DATA FOR PROCESSING:
□ □ □ □ □ □ □

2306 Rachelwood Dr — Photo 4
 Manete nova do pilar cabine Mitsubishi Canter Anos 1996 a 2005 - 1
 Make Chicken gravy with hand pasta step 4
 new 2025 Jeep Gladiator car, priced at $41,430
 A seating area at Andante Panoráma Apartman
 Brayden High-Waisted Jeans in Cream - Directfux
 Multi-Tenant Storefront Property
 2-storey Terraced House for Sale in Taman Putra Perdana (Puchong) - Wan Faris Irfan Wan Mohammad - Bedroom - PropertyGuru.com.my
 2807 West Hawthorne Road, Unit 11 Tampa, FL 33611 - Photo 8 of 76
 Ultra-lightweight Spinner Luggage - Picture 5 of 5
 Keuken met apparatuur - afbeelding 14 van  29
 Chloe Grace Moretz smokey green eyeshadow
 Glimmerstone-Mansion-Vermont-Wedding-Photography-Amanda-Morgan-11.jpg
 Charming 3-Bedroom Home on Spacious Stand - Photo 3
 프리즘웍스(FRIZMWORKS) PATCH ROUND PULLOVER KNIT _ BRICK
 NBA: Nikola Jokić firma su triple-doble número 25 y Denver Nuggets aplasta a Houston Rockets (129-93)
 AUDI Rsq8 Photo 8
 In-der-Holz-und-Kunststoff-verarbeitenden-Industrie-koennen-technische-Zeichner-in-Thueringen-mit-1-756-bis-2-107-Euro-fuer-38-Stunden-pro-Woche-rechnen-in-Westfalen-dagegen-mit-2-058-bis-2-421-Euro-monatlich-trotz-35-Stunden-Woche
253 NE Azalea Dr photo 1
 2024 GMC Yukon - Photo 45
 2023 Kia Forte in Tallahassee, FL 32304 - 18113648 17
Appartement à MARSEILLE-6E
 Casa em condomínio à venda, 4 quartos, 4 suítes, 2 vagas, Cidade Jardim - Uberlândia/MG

□ □ □ □ □ □ □

EXERCISE DESCRIPTION: Only the lines from the first line of the records through the line containing "2-storey Terraced House" should be repeated, exactly as they appear.

ANSWER:
2306 Rachelwood Dr — Photo 4
 Manete nova do pilar cabine Mitsubishi Canter Anos 1996 a 2005 - 1
 Make Chicken gravy with hand pasta step 4
 new 2025 Jeep Gladiator car, priced at $41,430
 A seating area at Andante Panoráma Apartman
 Brayden High-Waisted Jeans in Cream - Directfux
 Multi-Tenant Storefront Property
 2-storey Terraced House for Sale in Taman Putra Perdana (Puchong) - Wan Faris Irfan Wan Mohammad - Bedroom - PropertyGuru.com.my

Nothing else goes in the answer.